The Next Big Bull Move In Gold: Waiting On Inflation, 2/8/2013
The U.S. economy is on the mend, eurozone officials remain committed to "do all that it takes," and China appears to have side-stepped the hard landing feared by some last year. While the globe remains mired in a slow-growth environment, the financial markets are healing and economies are moving forward from the panic and frenzy of the 2008 financial crisis and the worst may now be behind the markets for this current cycle.
However, markets and economies most certainly do move in cycles and many challenges still lie ahead. The eurozone remains in recession. In the U.S., policymakers continue to "kick the can" on substantive fiscal policy issues. Japan is still struggling with low growth and deflation and the jury is still out on whether the new prime minister can deliver on his campaign promises for substantial economic change.

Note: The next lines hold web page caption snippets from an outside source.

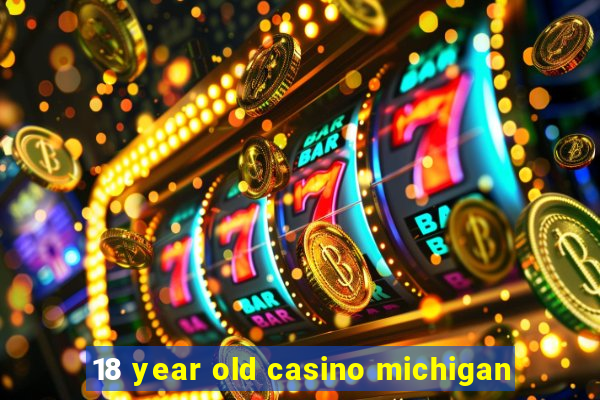 18 year old casino michigan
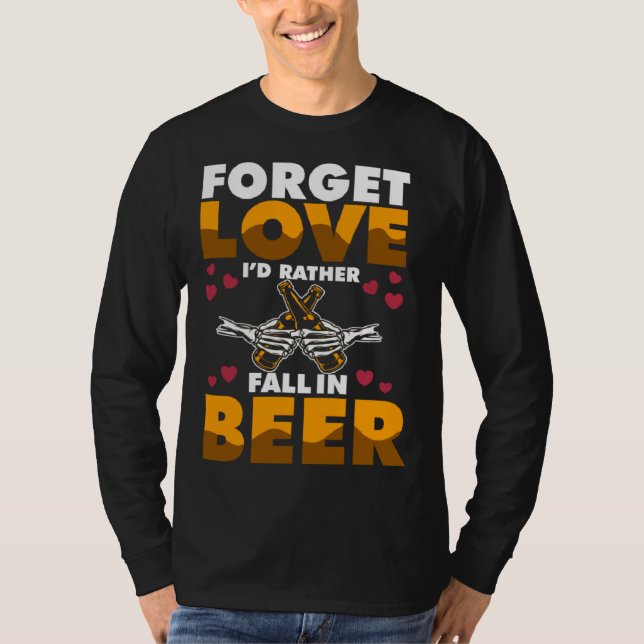 Camiseta Forget Love I d rather Fall In Beer (Anverso)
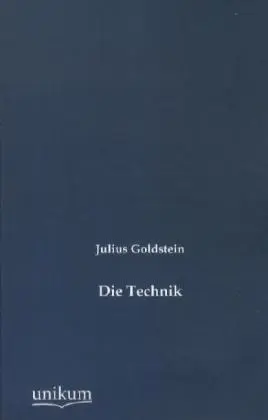Cover: 9783845743288 | Die Technik | Julius Goldstein | Taschenbuch | 76 S. | Deutsch | 2012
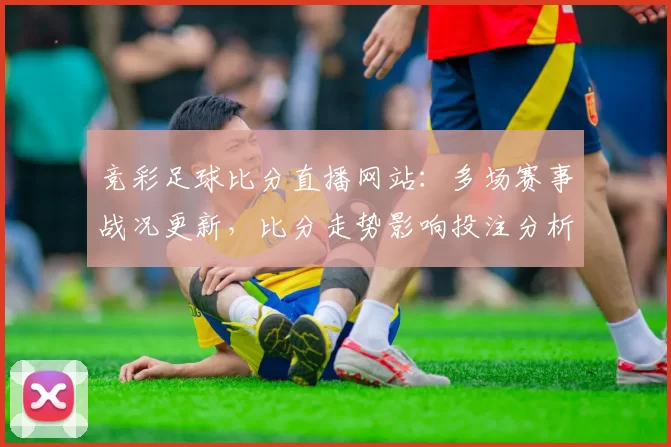 竞彩足球比分直播网站：多场赛事战况更新，比分走势影响投注分析与赛程安排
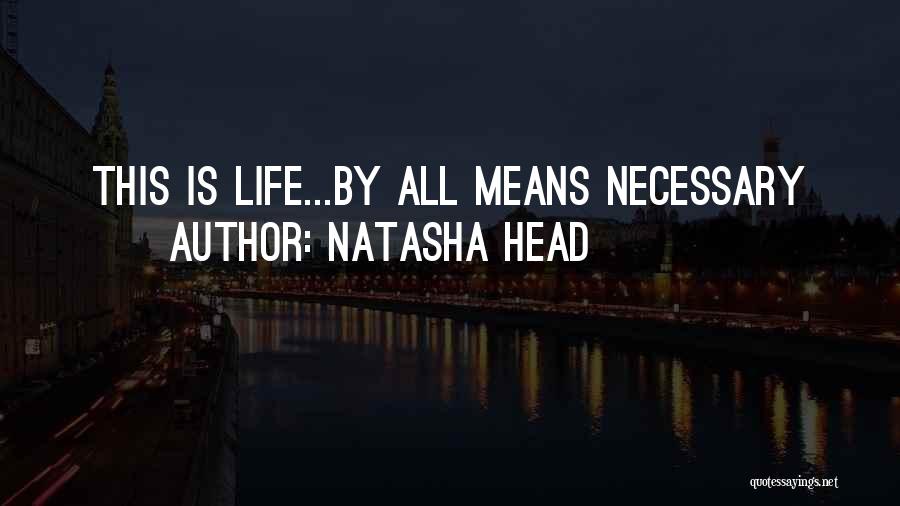 Natasha Head Quotes: This Is Life...by All Means Necessary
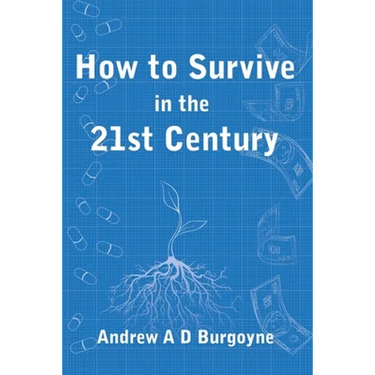 How To Survive in the 21st Century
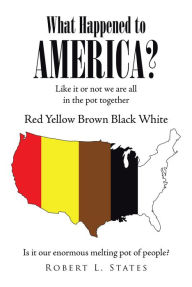 Title: What Happened to America?: LIKE IT OR NOT, WE ARE ALL IN THIS POT TOGETHER RED, YELLOW, BROWN, BLACK, WHITE, Author: Robert L. States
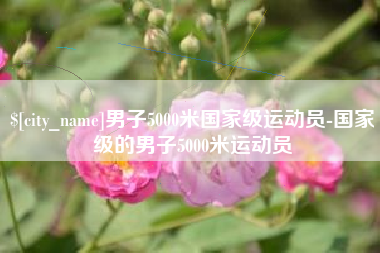 黄山男子5000米国家级运动员-国家级的男子5000米运动员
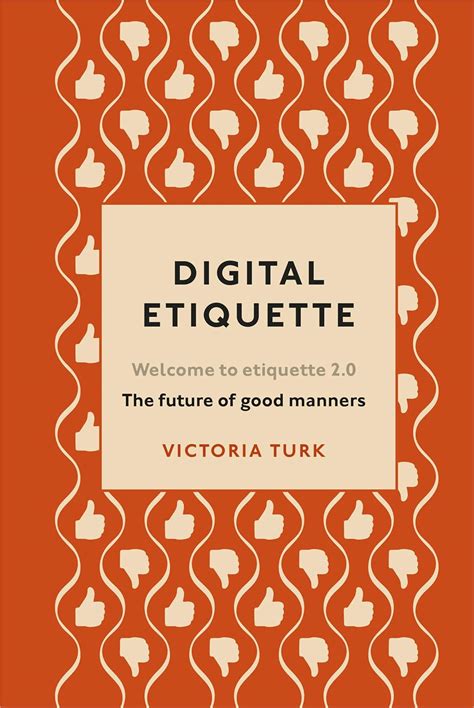 Digital Etiquette: Everything you wanted to know about modern manners ...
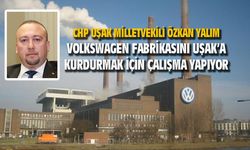 Yalım, Volkswagen'in fabrikasını Uşak'a kurdurmak için çalışma başlattı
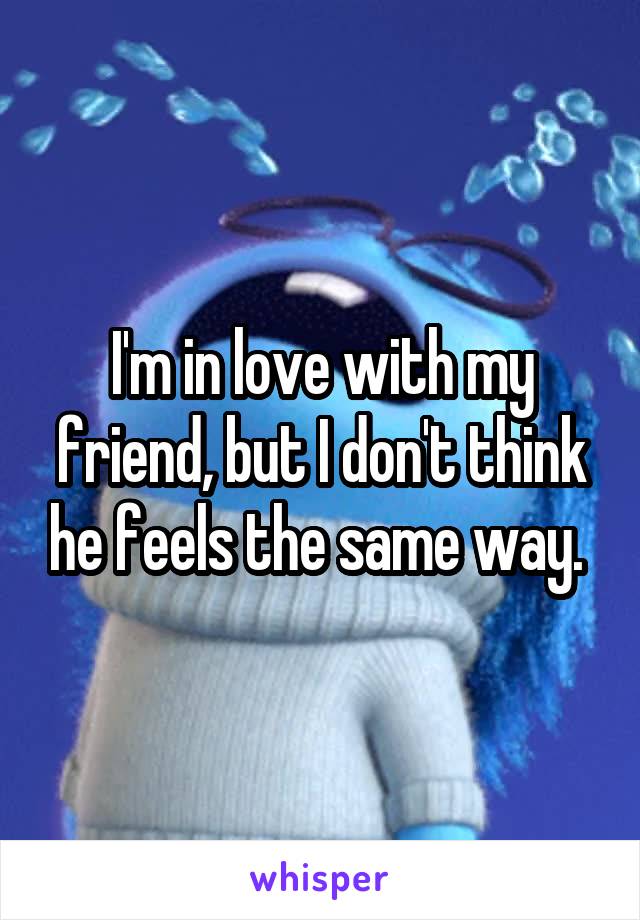 I'm in love with my friend, but I don't think he feels the same way. 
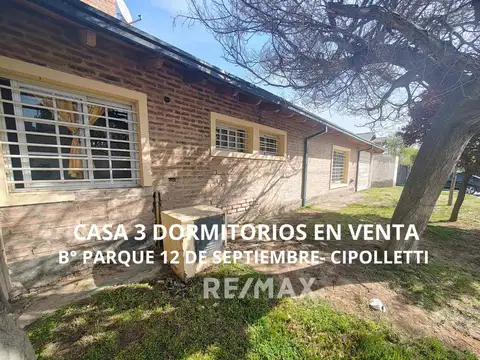 CASA EN VENTA EN CIPOLLETTI- B° PARQUE 12 DE SEPT.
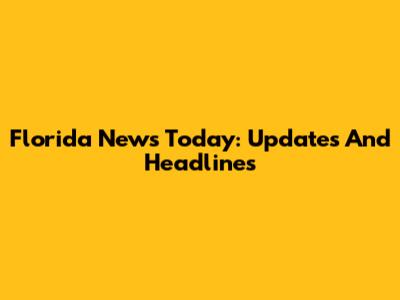 Florida News Today: Updates And Headlines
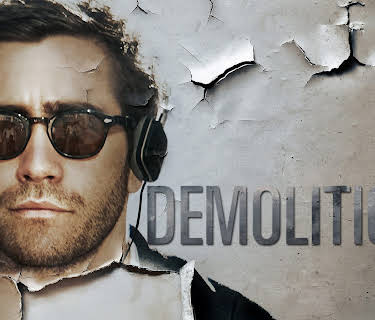 Demolition (2016)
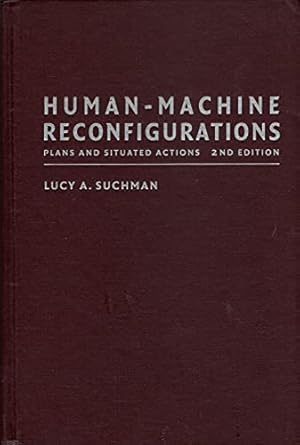 human machine reconfigurations plans and situated actions 1st edition lucy suchman 0521858917, 978-0521858915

Nonetheless, Credit Suisse analysts wrote in a new research report " the 'peak of the fear trade' has now passed." Credit Suisse analysts added, "It looks increasingly likely that the 2011 high will prove to have been the peak for the USD gold price in this cycle."
For now, inflation remains tame, held down by the still-tight credit conditions in the U.S., and the stubbornly slow economic growth environment in the U.S, Europe and Japan.But, the seeds of future inflation have already been planted into our global financial system. The massive global central bank monetary policy accommodation has flipped the switches on the printing presses and kept them turned on. There will be a point that individual country economic growth levels begin to pick up, and this could be the inflection point for the next rally wave in gold.
Sorry to disappoint gold bugs, but it may still be a year or two out on the horizon.
Pierre Ellis, senior global economist at Decision Economics, explained "you can't print money forever, without eventually having inflation." However, he added that "this problem could be a year away."
Ellis pointed to the recent announcement from the Bank of Japan regarding its new quantitative easing policy set to begin in January 2014. Breaking down the program, Ellis explained "the big expansion is occurring in things [maturities] under three years." He explained how that approach "is more conservative than the Fed's. The BOJ will have an easier time getting out of this."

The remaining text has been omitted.